** REQUIRED ACTION **
Only one range belongs in the answer: the line holding "image for item" through the last line of the records, reproduced as is.

··· PROVIDED MATERIAL

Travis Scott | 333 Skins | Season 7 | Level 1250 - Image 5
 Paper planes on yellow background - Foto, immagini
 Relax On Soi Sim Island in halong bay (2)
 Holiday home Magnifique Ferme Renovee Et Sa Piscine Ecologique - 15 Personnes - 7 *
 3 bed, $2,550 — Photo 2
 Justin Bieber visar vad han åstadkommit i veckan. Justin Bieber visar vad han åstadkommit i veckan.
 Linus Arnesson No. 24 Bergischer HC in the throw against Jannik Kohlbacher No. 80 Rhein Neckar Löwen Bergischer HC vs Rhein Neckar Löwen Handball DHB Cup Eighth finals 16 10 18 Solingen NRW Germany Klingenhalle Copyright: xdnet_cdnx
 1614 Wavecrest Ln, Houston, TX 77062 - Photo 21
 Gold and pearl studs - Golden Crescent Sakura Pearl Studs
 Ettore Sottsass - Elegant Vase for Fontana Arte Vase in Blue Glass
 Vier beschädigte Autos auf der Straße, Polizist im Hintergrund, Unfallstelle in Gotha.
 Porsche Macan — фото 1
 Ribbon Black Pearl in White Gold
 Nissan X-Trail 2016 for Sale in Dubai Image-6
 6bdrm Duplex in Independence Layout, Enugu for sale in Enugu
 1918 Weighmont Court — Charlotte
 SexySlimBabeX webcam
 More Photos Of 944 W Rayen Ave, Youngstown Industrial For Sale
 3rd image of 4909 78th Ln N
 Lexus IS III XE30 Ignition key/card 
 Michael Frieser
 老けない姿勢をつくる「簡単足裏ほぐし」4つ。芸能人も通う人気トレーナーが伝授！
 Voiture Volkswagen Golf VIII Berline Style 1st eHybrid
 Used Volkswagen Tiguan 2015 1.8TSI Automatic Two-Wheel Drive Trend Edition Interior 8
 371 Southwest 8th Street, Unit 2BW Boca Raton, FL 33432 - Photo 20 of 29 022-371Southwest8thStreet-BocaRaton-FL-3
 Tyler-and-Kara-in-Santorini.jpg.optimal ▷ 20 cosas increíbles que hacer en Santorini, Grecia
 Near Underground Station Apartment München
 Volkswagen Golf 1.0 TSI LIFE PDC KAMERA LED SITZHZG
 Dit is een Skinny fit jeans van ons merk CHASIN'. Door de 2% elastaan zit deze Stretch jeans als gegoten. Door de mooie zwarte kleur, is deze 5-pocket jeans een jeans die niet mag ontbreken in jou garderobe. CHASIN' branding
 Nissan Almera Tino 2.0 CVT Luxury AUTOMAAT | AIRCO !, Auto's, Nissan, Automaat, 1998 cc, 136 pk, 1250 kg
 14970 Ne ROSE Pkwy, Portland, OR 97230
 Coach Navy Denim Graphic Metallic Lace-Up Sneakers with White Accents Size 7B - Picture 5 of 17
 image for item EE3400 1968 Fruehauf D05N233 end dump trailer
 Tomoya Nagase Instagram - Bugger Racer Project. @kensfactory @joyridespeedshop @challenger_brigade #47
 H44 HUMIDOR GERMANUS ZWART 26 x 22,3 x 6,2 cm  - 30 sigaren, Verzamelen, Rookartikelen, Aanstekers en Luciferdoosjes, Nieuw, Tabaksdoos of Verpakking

······

** ANSWER TO THIS EXERCISE **
 image for item EE3400 1968 Fruehauf D05N233 end dump trailer
 Tomoya Nagase Instagram - Bugger Racer Project. @kensfactory @joyridespeedshop @challenger_brigade #47
 H44 HUMIDOR GERMANUS ZWART 26 x 22,3 x 6,2 cm  - 30 sigaren, Verzamelen, Rookartikelen, Aanstekers en Luciferdoosjes, Nieuw, Tabaksdoos of Verpakking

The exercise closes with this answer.